Compartilhamos posteriormente a proposição política de Educação Pluricultural para vários colegas da UNEB, que acolheram com entusiasmo e tornaram-se parceiros da iniciativa. O NEP foi um espaço institucional muito interessante. Conseguíamos reunir e intercambiar com os colegas professores e pesquisadores de toda a UNEB, e de outras instituições da Bahia, Brasil e exterior. Na época, o NEP foi considerado uma iniciativa pioneira no cotidiano das Universidades brasileiras. O objetivo geral do NEP pelo seu caráter transdisciplinar e multicampi foi de promover e desenvolver atividades de estudos, pesquisas, ensino e extensão, que estivessem ancoradas na dimensão pluricultural de Educação característica da formação social brasileira.
Foi um ciclo de vivências científico-acadêmicas muito ricas! Realizávamos reuniões quinzenais e nelas íamos desenhando e realizando atividades que ainda repercutem na nossa UNEB como veremos adiante.

Auditório do Ceteba no Campus I da Uneb
Vale à pena destacar o Seminário comemorativo dos 300 Anos do Quilombo de Palmares. O tema explorado pelo NEP foi: “Palmares Hoje” e se desdobrou numa publicação importante que organizamos para o Jornal A Tarde através do Caderno Cultural cujo redator-chefe foi Florisvaldo Mattos. Aliás, é bom registrar aqui que foi o primeiro caderno temático do jornal,repercutiu muito bem e fomos parabenizados por Florisvaldo Mattos pela abordagem do tema desenvolvido.

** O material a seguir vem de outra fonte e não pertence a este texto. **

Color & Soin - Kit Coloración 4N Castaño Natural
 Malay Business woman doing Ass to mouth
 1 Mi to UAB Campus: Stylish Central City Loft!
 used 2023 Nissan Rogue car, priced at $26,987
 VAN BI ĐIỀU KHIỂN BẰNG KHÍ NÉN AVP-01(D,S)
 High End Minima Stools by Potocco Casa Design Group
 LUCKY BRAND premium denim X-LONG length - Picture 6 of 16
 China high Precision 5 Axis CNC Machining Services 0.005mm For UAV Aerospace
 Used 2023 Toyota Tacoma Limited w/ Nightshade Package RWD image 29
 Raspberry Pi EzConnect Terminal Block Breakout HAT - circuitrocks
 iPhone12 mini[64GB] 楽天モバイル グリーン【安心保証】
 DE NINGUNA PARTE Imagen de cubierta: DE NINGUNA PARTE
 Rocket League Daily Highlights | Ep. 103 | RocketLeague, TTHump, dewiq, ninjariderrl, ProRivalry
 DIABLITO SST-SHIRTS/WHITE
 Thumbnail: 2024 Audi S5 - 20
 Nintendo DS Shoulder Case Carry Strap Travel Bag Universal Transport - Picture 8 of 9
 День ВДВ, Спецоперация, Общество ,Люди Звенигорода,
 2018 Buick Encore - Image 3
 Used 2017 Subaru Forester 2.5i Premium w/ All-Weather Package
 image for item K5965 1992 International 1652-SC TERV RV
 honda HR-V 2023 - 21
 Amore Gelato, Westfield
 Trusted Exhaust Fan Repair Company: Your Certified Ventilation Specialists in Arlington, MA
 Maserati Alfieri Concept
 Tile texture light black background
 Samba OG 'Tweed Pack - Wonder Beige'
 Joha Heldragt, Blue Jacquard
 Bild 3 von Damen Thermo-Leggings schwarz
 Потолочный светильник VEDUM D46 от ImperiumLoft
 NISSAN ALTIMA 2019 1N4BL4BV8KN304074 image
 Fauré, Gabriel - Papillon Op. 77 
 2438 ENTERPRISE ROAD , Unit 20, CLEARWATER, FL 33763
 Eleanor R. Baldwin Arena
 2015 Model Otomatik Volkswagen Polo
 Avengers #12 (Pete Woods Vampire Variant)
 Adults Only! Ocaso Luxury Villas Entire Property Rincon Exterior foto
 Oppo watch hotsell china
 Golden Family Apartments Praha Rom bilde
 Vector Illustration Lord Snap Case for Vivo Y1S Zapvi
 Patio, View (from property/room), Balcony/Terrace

Maria de Lourdes Siqueira e Jônatas Conceição
A publicação dos artigos elaborados por professores/as pesquisadores/as do NEP para compor o Caderno Cultural serviu como material didático e referências de estudos para professores/as da Rede Pública e particular como tivemos a oportunidade de constatar posteriormente nas nossas atuações como palestrantes, conferencistas,etc.
Prosseguimos e, em 1996, tivemos a iniciativa até então inédita no Brasil, de organizar um livro reunindo personalidades exponenciais no campo da Pluralidade Cultural e Educação, nomes como: Marco Aurélio Luz, Muniz Sodré, Marcos Terena, Elisa Larkin Nascimento, Kabengele Munanga entre outros colaboraram conosco. 



A publicação do livro em parceria com a Secretaria de Educação do Estado da Bahia foi considerada muito ousada, já que na época essa questão não era tratada devidamente pelos espaços institucionais oficiais.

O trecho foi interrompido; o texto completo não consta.